[Short web captions]
*** Block opens ***

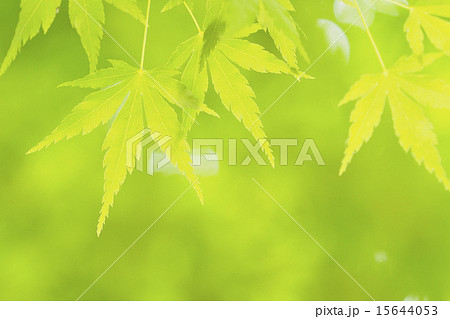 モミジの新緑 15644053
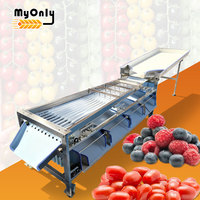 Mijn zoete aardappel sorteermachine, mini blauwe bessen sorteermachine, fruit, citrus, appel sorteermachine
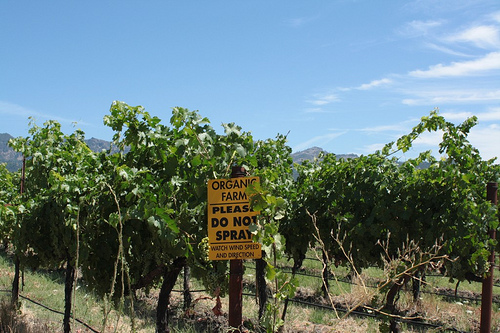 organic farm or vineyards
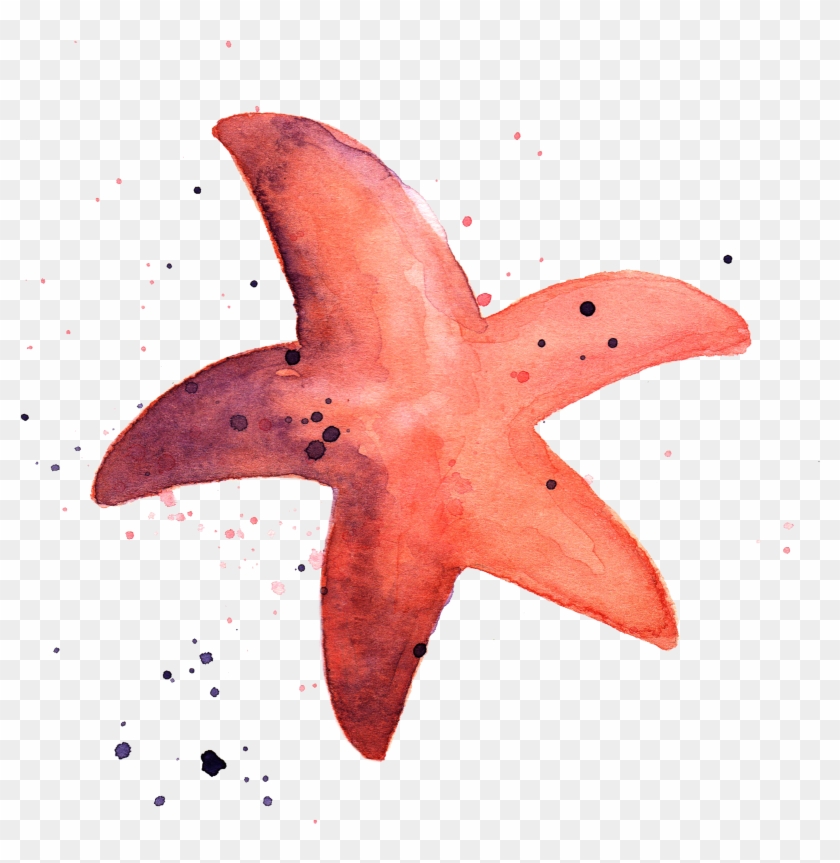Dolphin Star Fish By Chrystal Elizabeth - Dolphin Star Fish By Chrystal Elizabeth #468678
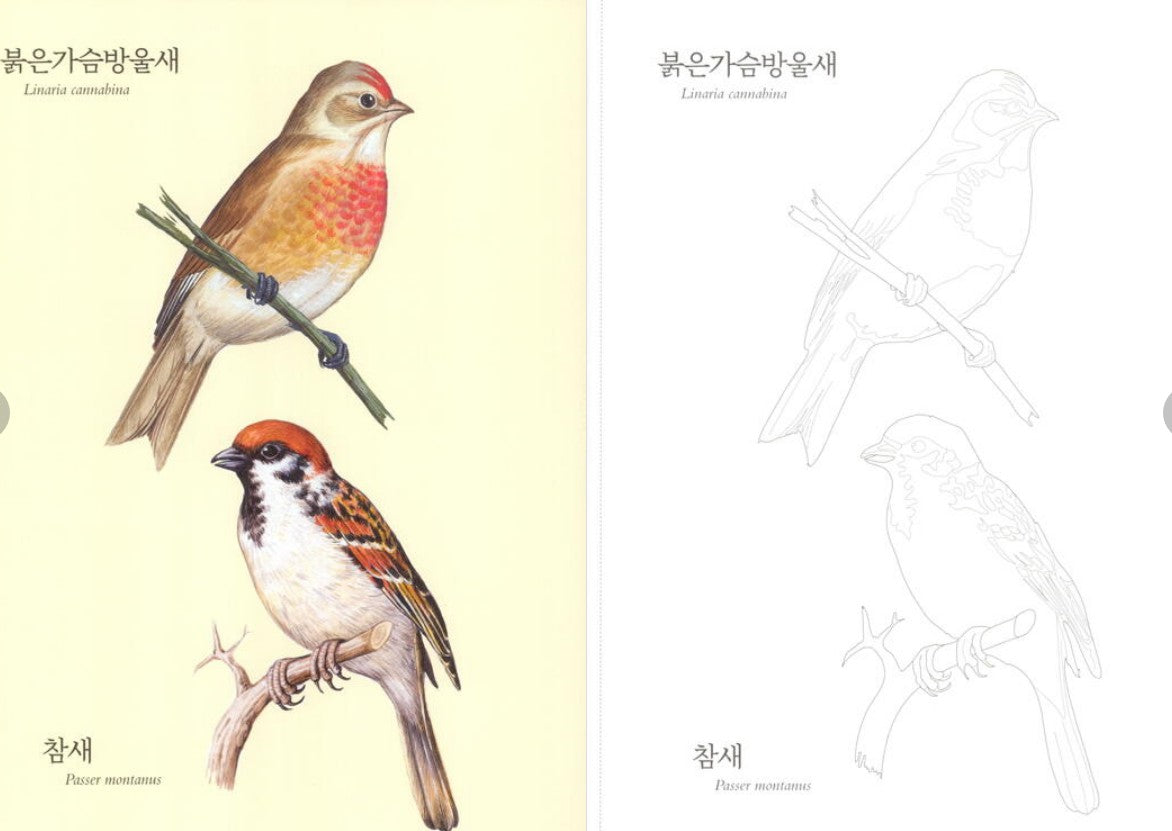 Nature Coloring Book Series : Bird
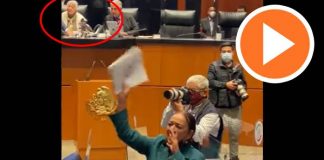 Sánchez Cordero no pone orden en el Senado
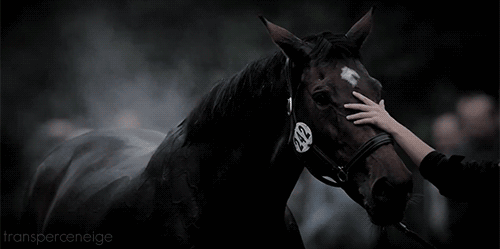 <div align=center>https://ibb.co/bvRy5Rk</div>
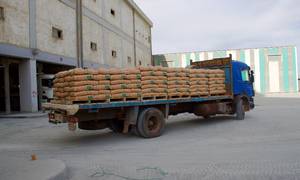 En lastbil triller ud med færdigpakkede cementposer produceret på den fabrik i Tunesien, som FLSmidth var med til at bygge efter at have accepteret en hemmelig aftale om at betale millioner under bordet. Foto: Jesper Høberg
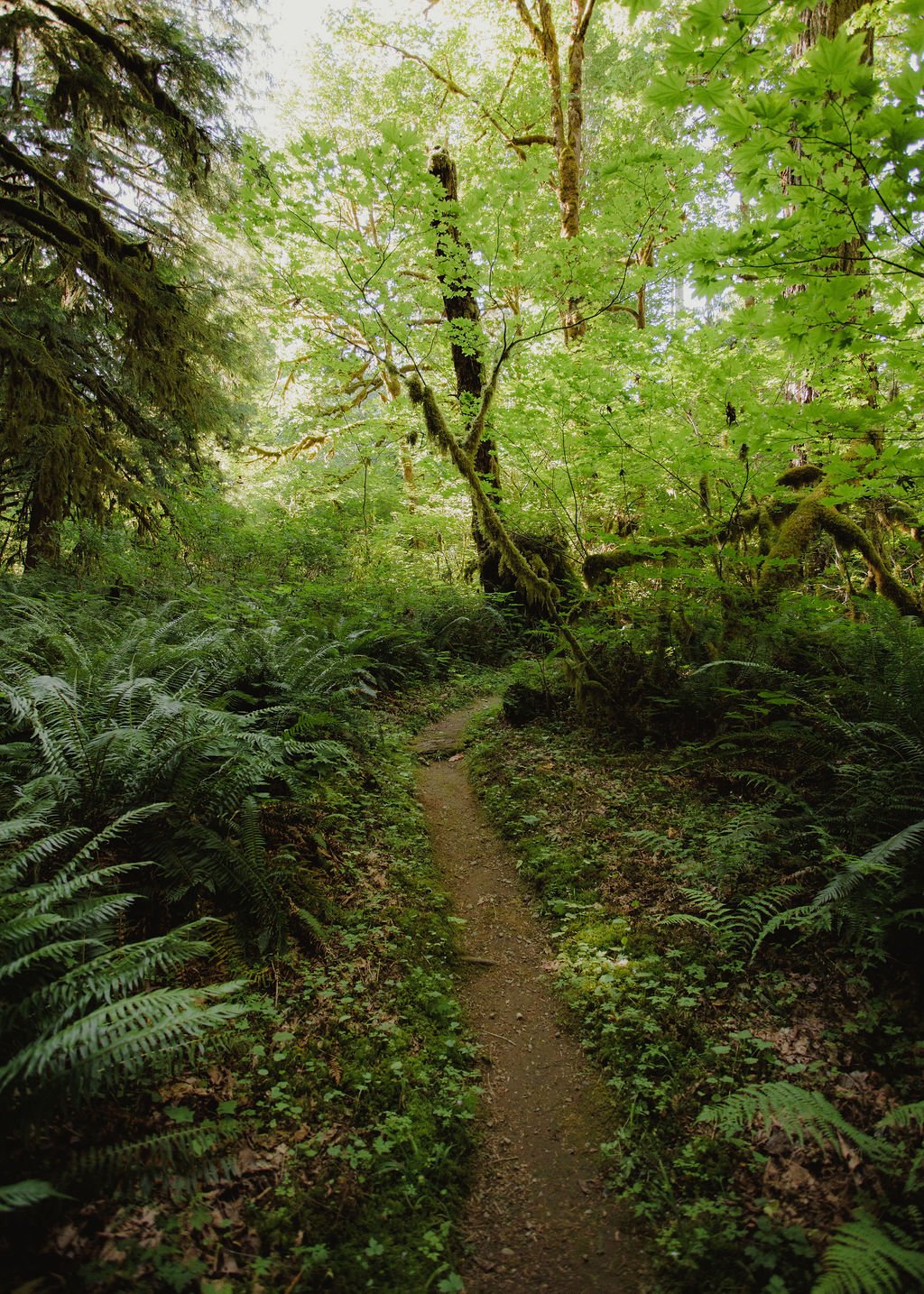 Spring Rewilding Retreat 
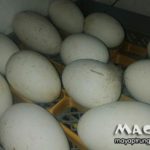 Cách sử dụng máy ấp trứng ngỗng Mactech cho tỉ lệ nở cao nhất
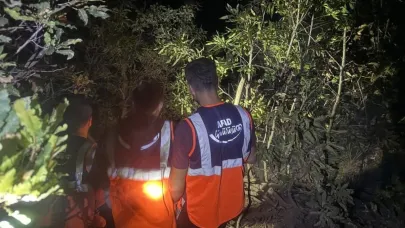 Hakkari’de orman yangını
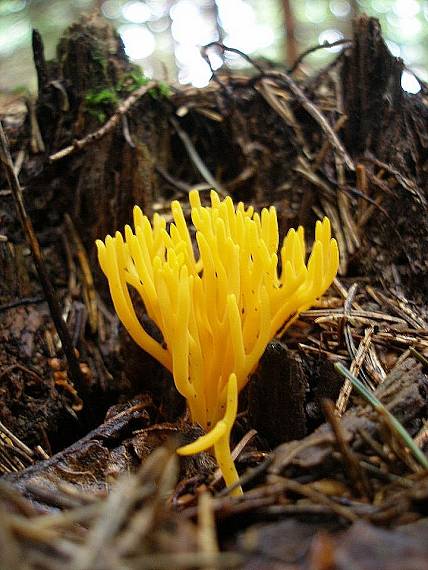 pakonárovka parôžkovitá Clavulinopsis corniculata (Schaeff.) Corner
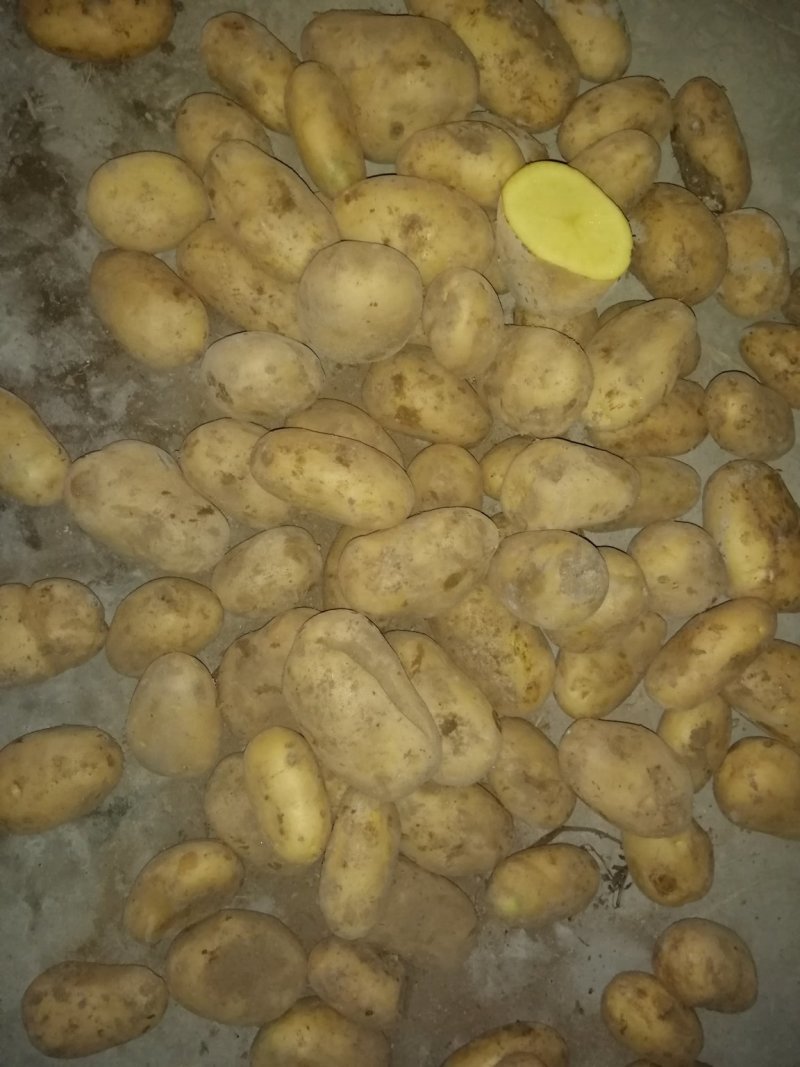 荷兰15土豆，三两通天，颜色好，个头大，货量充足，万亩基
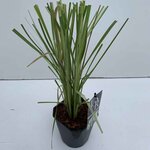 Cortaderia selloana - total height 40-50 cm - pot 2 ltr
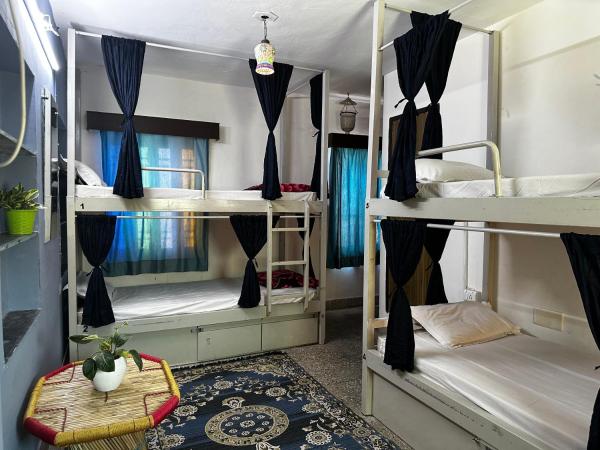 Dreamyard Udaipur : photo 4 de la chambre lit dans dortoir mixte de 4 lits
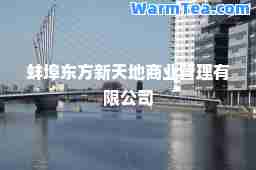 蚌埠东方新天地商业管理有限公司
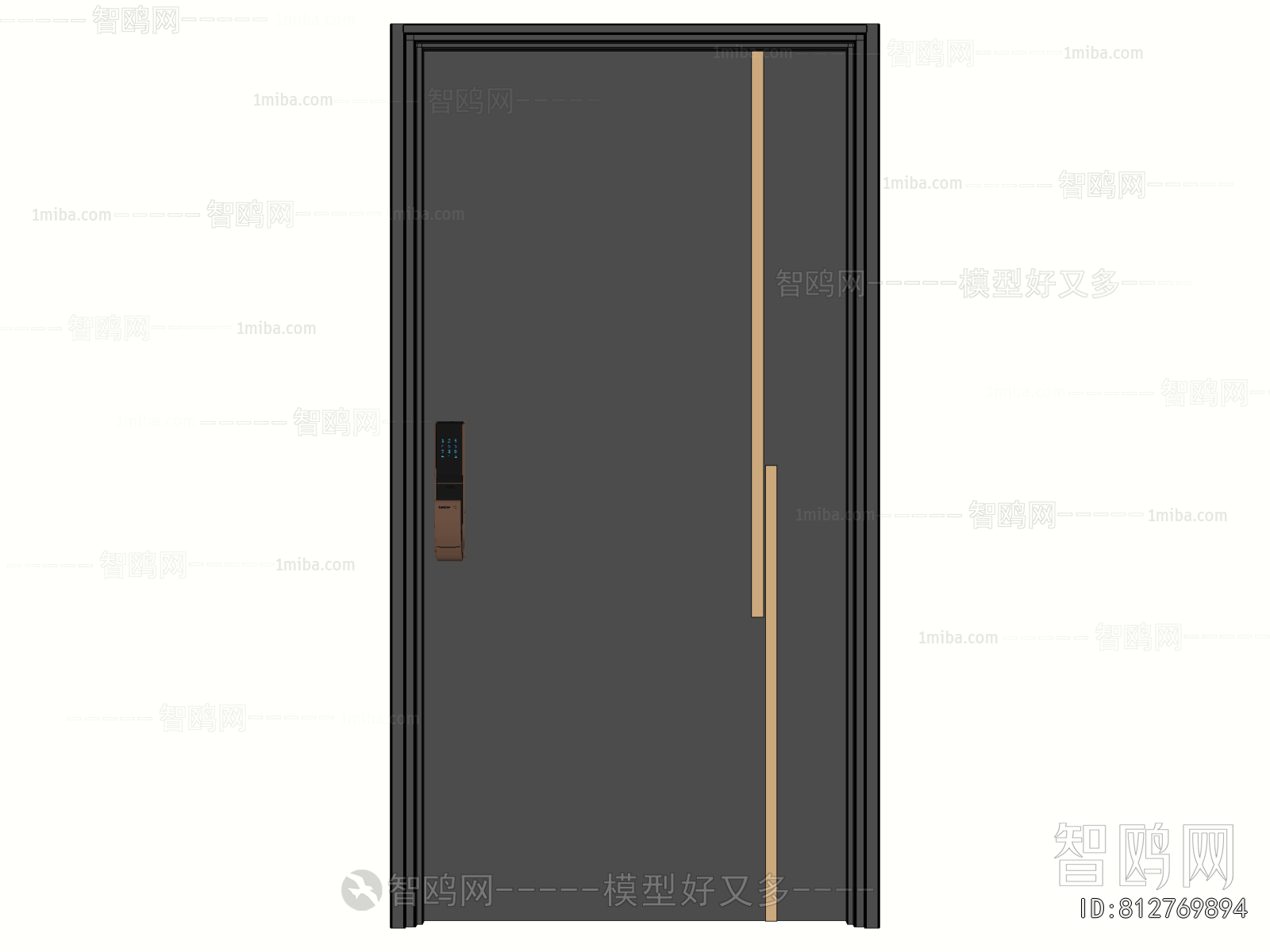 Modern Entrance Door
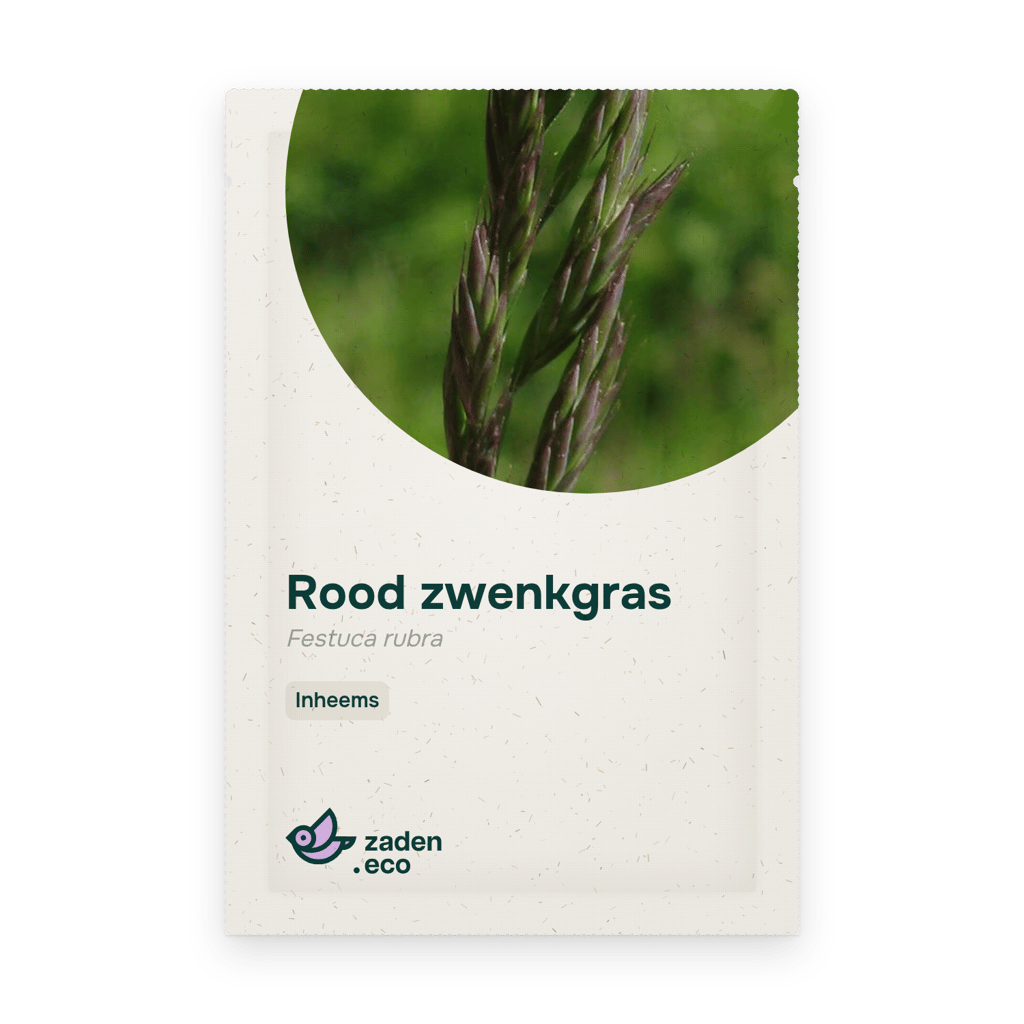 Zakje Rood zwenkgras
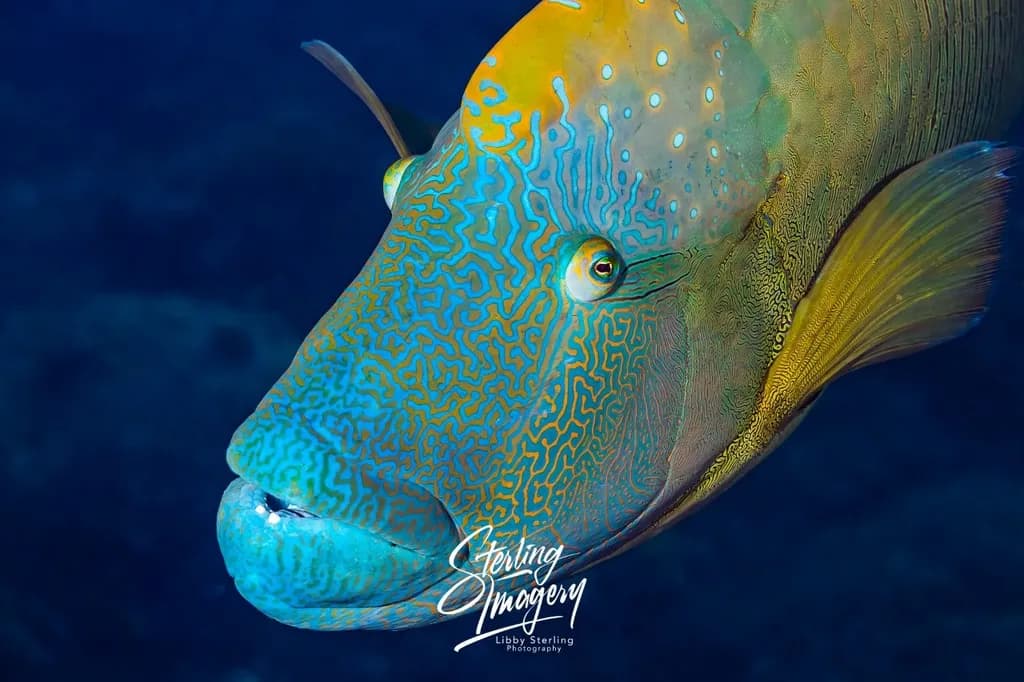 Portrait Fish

*** Block closes ***

→ **Try it**:
Your copy must start at the line that holds "pakonárovka parôžkovitá Clavulinopsis" and end at the last line of the data, both included; it must contain no pictures.

→ **Written response**:
 pakonárovka parôžkovitá Clavulinopsis corniculata (Schaeff.) Corner
 荷兰15土豆，三两通天，颜色好，个头大，货量充足，万亩基
 Cortaderia selloana - total height 40-50 cm - pot 2 ltr
 Dreamyard Udaipur : photo 4 de la chambre lit dans dortoir mixte de 4 lits
 蚌埠东方新天地商业管理有限公司
 Modern Entrance Door
 Zakje Rood zwenkgras
 Portrait Fish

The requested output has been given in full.